→ Description of the task:
Each line from the beginning of the entries below through the line that includes "Every day in" must be returned exactly as given.

→ Provided entries:
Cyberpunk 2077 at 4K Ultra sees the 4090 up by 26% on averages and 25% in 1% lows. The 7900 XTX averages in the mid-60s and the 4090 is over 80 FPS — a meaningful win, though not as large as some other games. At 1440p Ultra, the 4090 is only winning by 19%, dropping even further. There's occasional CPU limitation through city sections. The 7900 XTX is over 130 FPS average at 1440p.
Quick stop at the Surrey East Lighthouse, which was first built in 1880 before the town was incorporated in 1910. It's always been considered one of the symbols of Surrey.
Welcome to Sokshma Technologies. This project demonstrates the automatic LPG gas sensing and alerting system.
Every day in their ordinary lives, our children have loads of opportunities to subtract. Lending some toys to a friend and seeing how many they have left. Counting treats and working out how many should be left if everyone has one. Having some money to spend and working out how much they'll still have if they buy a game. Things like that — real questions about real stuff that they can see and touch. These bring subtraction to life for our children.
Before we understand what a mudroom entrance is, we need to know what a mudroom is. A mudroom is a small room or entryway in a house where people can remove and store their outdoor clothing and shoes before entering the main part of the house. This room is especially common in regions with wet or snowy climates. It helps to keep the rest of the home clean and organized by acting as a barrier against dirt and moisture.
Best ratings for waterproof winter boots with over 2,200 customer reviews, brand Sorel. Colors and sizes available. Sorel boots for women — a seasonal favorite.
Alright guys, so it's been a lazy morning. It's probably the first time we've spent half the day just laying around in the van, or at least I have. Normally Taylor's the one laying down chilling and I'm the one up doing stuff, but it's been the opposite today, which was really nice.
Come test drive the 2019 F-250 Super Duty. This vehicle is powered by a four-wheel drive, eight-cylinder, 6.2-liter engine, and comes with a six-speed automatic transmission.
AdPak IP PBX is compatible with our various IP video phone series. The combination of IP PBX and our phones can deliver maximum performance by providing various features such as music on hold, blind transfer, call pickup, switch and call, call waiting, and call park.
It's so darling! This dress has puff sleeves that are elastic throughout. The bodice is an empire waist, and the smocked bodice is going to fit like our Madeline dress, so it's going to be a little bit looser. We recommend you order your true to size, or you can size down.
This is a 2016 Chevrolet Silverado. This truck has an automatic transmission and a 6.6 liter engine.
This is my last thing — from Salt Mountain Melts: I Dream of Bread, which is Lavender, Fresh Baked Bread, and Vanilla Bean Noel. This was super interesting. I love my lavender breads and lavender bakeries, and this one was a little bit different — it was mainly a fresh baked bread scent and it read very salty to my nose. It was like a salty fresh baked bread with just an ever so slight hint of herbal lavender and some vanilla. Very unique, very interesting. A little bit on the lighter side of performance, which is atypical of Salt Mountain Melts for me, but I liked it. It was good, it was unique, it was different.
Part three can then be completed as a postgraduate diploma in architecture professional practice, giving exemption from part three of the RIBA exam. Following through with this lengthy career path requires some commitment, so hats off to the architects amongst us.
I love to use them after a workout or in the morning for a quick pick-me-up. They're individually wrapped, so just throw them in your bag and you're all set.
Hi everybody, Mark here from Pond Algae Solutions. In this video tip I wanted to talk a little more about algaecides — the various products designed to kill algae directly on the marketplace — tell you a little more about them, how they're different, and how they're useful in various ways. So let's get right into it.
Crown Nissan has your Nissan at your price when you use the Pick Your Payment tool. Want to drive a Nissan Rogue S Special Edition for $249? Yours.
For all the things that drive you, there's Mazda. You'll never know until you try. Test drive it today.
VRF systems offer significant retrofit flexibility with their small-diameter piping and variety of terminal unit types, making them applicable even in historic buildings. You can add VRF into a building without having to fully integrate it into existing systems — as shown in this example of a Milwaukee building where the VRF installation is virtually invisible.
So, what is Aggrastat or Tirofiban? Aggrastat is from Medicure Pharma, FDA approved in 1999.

→ Problem solution:
Cyberpunk 2077 at 4K Ultra sees the 4090 up by 26% on averages and 25% in 1% lows. The 7900 XTX averages in the mid-60s and the 4090 is over 80 FPS — a meaningful win, though not as large as some other games. At 1440p Ultra, the 4090 is only winning by 19%, dropping even further. There's occasional CPU limitation through city sections. The 7900 XTX is over 130 FPS average at 1440p.
Quick stop at the Surrey East Lighthouse, which was first built in 1880 before the town was incorporated in 1910. It's always been considered one of the symbols of Surrey.
Welcome to Sokshma Technologies. This project demonstrates the automatic LPG gas sensing and alerting system.
Every day in their ordinary lives, our children have loads of opportunities to subtract. Lending some toys to a friend and seeing how many they have left. Counting treats and working out how many should be left if everyone has one. Having some money to spend and working out how much they'll still have if they buy a game. Things like that — real questions about real stuff that they can see and touch. These bring subtraction to life for our children.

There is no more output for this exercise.